Authentic leadership finds ties with transformational leadership and begins is base in a strong moral ground and ethical purity. Authentic leadership can be evaluated from either a practical approach or a theoretical approach (Northouse, 2015, pg. 196). Bill George defines the practical approach which focuses on the characteristics that define authentic leaders (Purpose, values, relationships, and self-discipline) (Northouse, 2015, pg. 197). George’s practical approach will be the focus for this post. George’s theory defines an authentic leader as someone with a sense of purpose who is inspired and motivated to reach their goals (Northouse, 2015, pg. 197). Authentic leaders also have their own set of values that they refuse to deviate from and have a strong moral compass that they abide by (Northouse, 2015, pg. 198). Authentic leaders also have strong relationships and connections with those around them through mutual disclosure to develop trust (Northouse, 2015, pg. 199). Finally, George states that an authentic leader must have self-discipline that allows them to reach their goals and hold all around them accountable (Northouse, 2015, pg. 199).
There are several authentic leaders through the world that can be discussed, but when I think of authentic leadership, Warren Buffett is the first that comes to mind. Buffett is one of the most successful investors in the world and is worth billions of dollars. Buffett is also a noted philanthropist who has pledged to give away a vast majority of his fortune to charities and philanthropic causes. Buffett follows the four characteristics described by George perfectly and epitomizes authentic leadership. First, he has a purpose and is intrinsically motivated. Buffett tends to invest in stocks and companies that others view as “junk” but Buffett sees value and knows his purposed in the market with these companies (Windust, 2017). He also believes in his purpose as a philanthropist and has donated millions and encouraged other billionaires to do the same.
Buffett also has a standard of values that he guards passionately. He has a fervor for conducting business in an ethical manner and is quick to get rid of anyone in his company that will not hold the same set of standards and values. Northouse states, “When tested in difficult situations, authentic leaders do not compromise their values, but rather use those situations to strengthen their values” (2015, pg. 199). Even in the 2008 financial crisis, Buffett did not back down from his beliefs and ethical values and chose to weather the storm under his own ethical terms (Windust, 2017).
Buffett is known for his self-discipline and hard work over the years. With now plans to retire any time soon, Buffett has a reputation for early morning rises and late nights devoted to his work. Even though is one of the richest men in the world, he still lives in the same house that he purchased in 1958 for $32,500 (Windust, 2017). If that isn’t self-discipline and motivation, I’m not sure what is. Finally, Buffett embodies both relationships and heart in his dealings with his employees and multiple charities he works with. Since 200, Buffett has given away 71% of his $65.5 billion fortune (Frank, 2017).

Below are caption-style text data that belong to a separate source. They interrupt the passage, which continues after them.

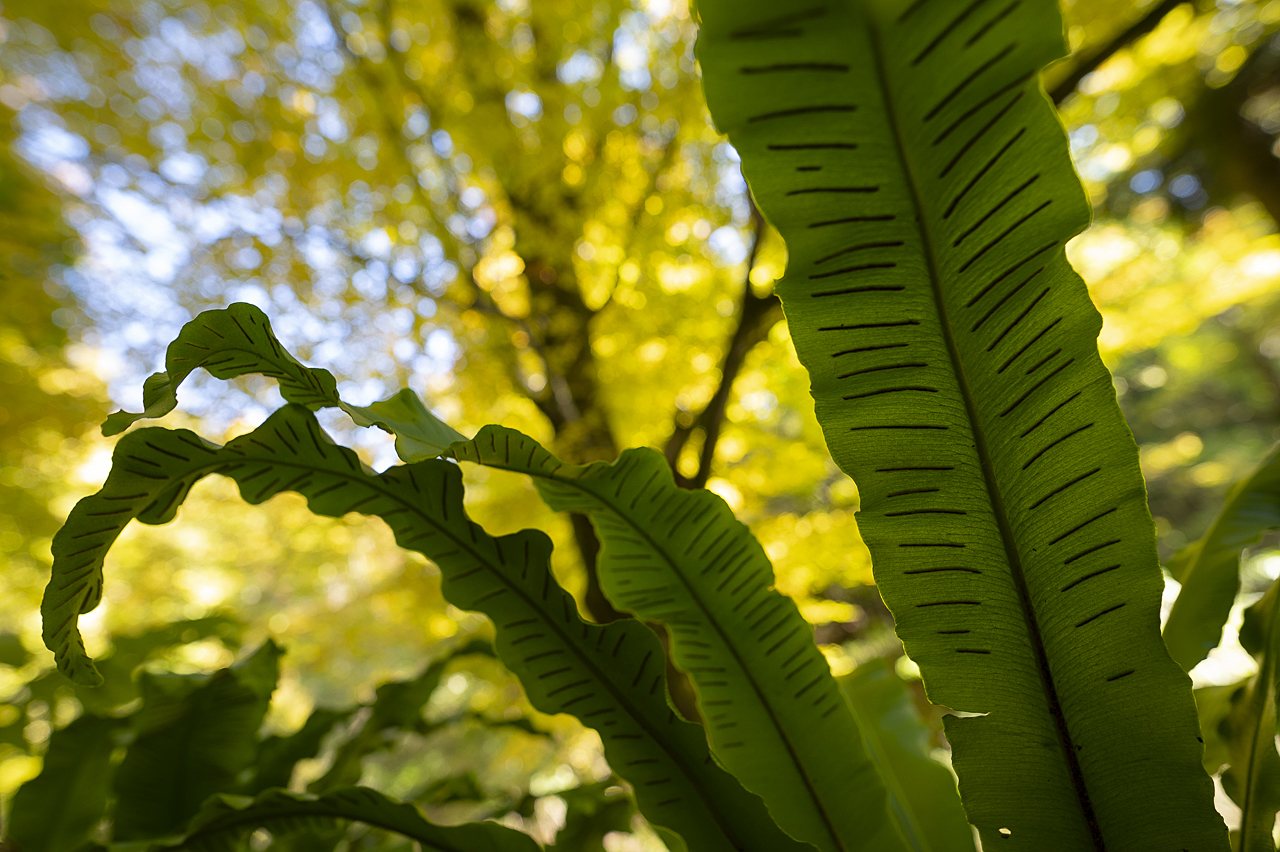 Balkan - jetzt und retro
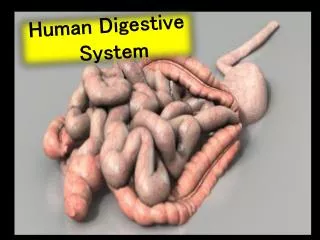Human Digestive S ystem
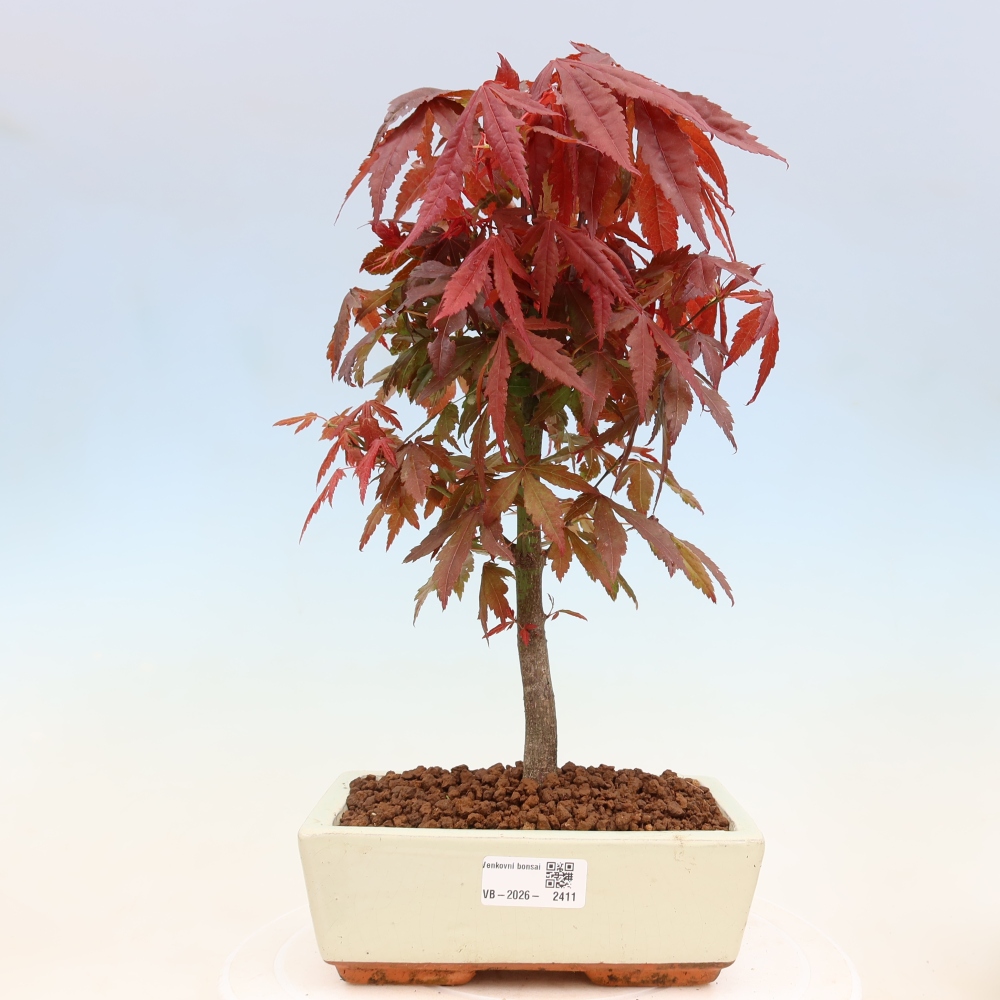 Venkovní bonsai - Acer palm. Atropurpureum-Javor dlanitolistý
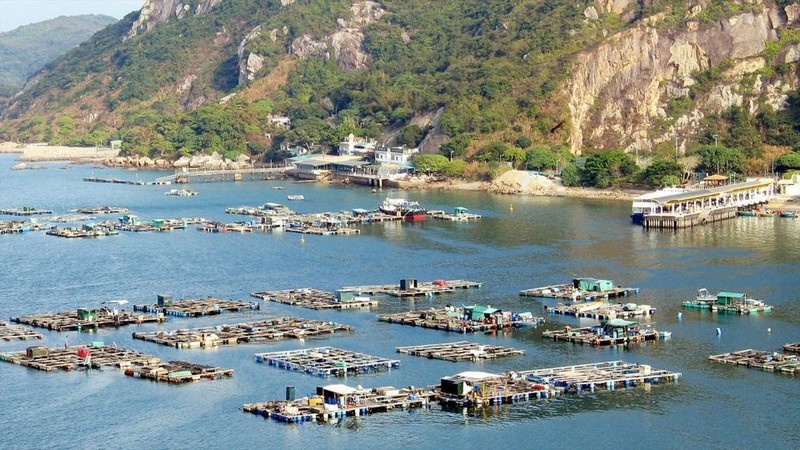 Tạp chí Du lịch Wanderlust Tips | Du lịch Hồng Kông: Một ngày làm ngư dân ở Lamma Fisherfolk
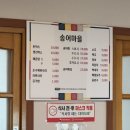 [내돈내산] 원주 가볼만한곳 / 원주 당일치기 (뮤지엄산, 송어마을)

Buffett believes in relationship building with the people around him and maintaining a compassion so strong for the world that he wishes to give away most of his fortune to help others.
Though Authentic leadership is still a developing theory, it is one of the most intriguing leadership theories at the moment. It truly deals in the emotions of the follower and their need for a true and ethical leader in the wake of several disasters. Though it lacks a vast amount of data and lacks descriptions of several of its prescriptions, even in its infancy, the theory is applicable at all levels of leadership (Northouse, 2015, pg. 207).
Frank, R. (2017, September 21). Warren Buffett is the most charitable billionaire. Retrieved from https://www.cnbc.com/2017/09/21/warren-buffet-is-the-most-charitable-billionaire.html
Northouse, P. G. (2015). Introduction to leadership. concepts and practice. Los Angeles: Sage.